» **YOUR ASSIGNMENT**: Your answer must be the exact lines from the one with "Women's Boho Chic" to the end of the data, both included, with no pictures.

[Caption-style text data]
- Opening Delimiter -

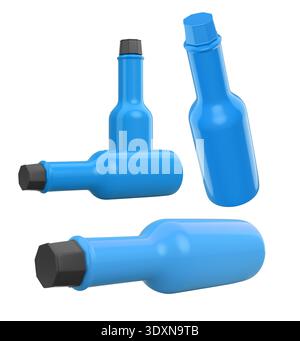Set of glossy plastic sauce bottles with colorful caps, isolated on a ...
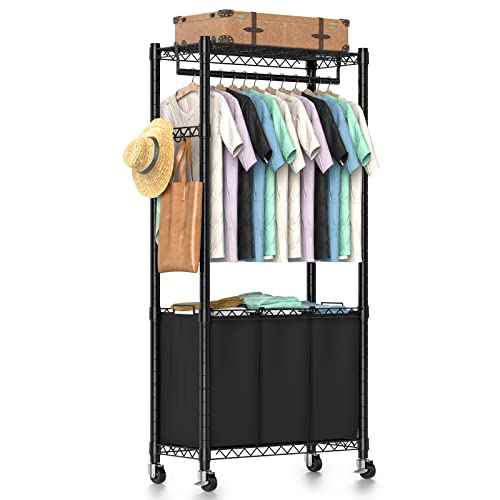 Laundry Hamper with Hanging Bar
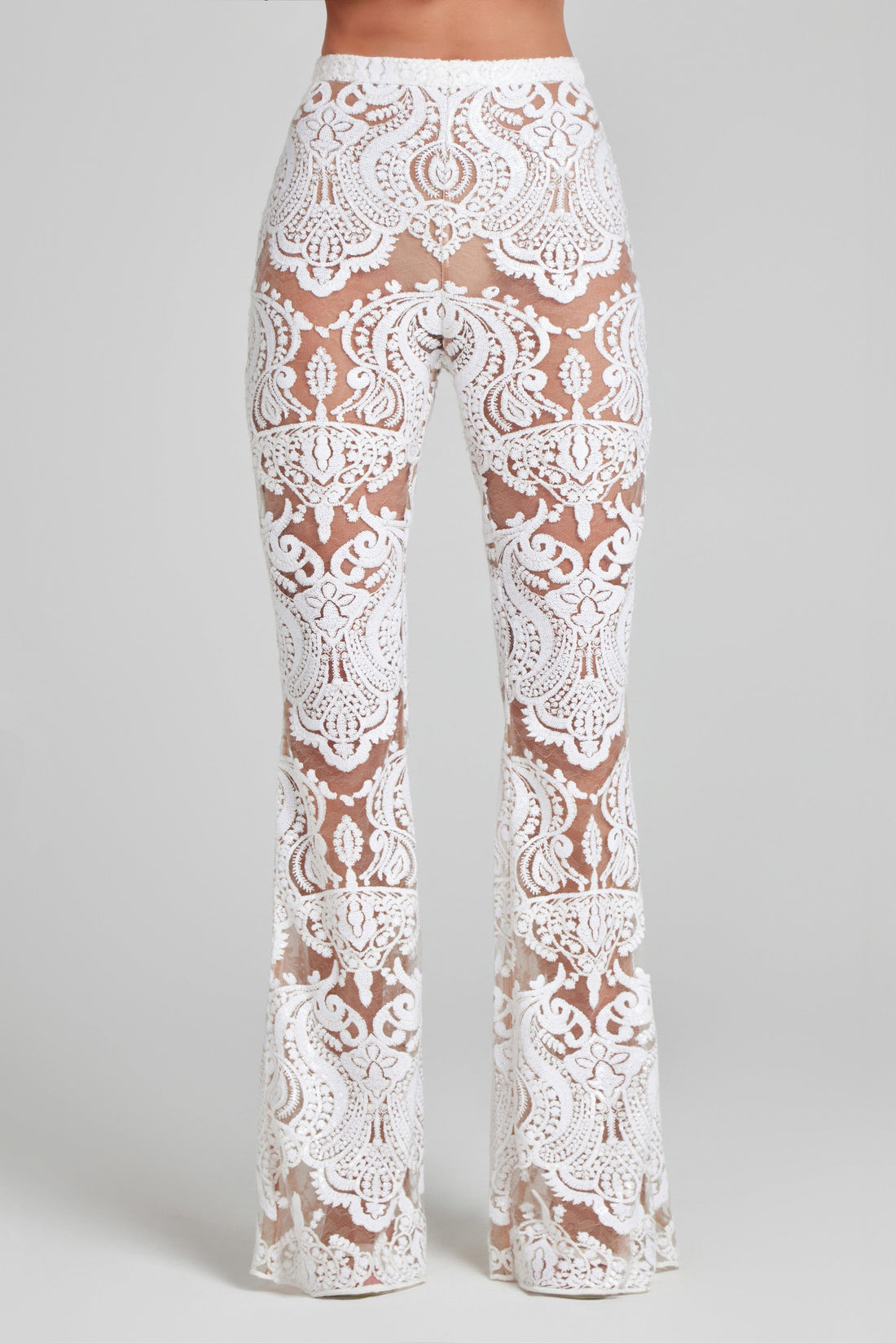 White Lace 2 Piece Set - Cut Out - Sequin Blazer and Flared Pants - Women's Streetwear Outfit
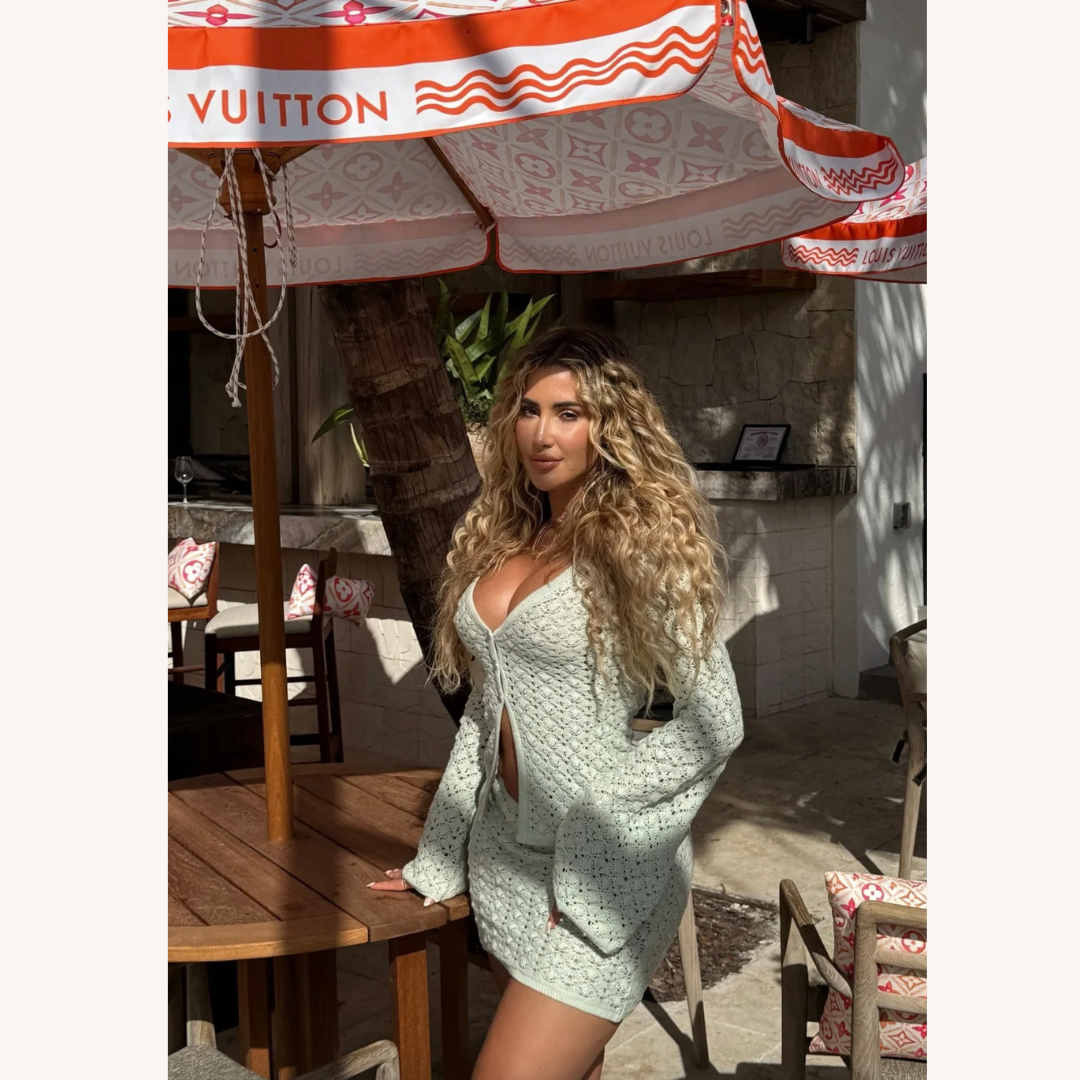 Women's Boho Chic Crochet Set - V-Neck Cardigan and Matching Mini Skirt in Breathable Cotton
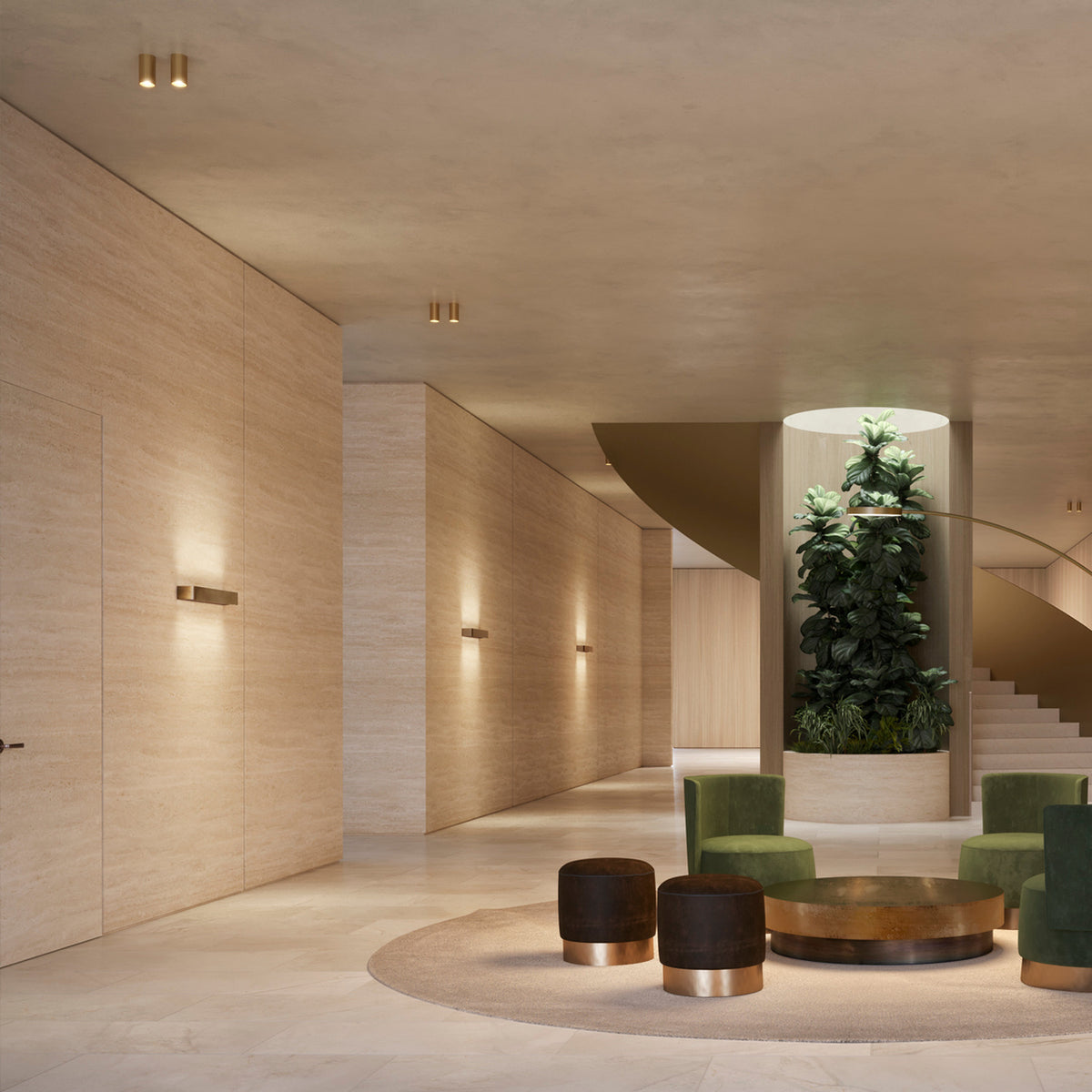 Toy R LED Wall Light, 43.7cm slim bar fixtures with rounded ends, mounted along a travertine hallway in a warm-toned lobby with soft up-and-down wall illumination.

- Closing Delimiter -

» **ANSWER SPACE**:
 Women's Boho Chic Crochet Set - V-Neck Cardigan and Matching Mini Skirt in Breathable Cotton
 Toy R LED Wall Light, 43.7cm slim bar fixtures with rounded ends, mounted along a travertine hallway in a warm-toned lobby with soft up-and-down wall illumination.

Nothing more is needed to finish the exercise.